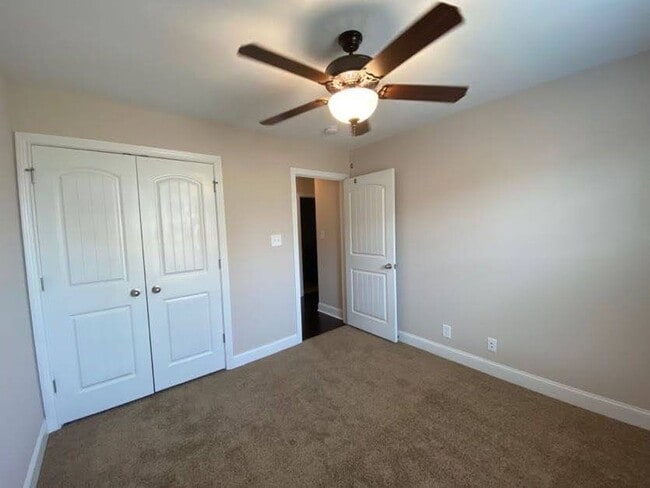 Building Photo - $1650 Adorable 3 Bedroom 2 Bath Ranch Home...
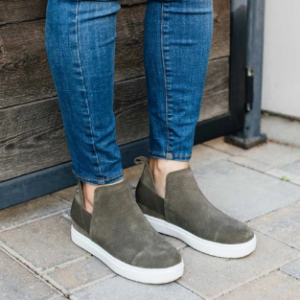 Women Large Size Round Toe Slip On Elastic Band Casual Skate Shoes discountshub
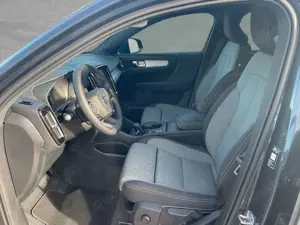 Volvo XC40 B3 Core Automatik LED Bild 3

→ TASK GOAL: Repeat every line above precisely; pictures do not belong in the copy.

→ EXERCISE RESPONSE:
 Building Photo - $1650 Adorable 3 Bedroom 2 Bath Ranch Home...
 Women Large Size Round Toe Slip On Elastic Band Casual Skate Shoes discountshub
 Volvo XC40 B3 Core Automatik LED Bild 3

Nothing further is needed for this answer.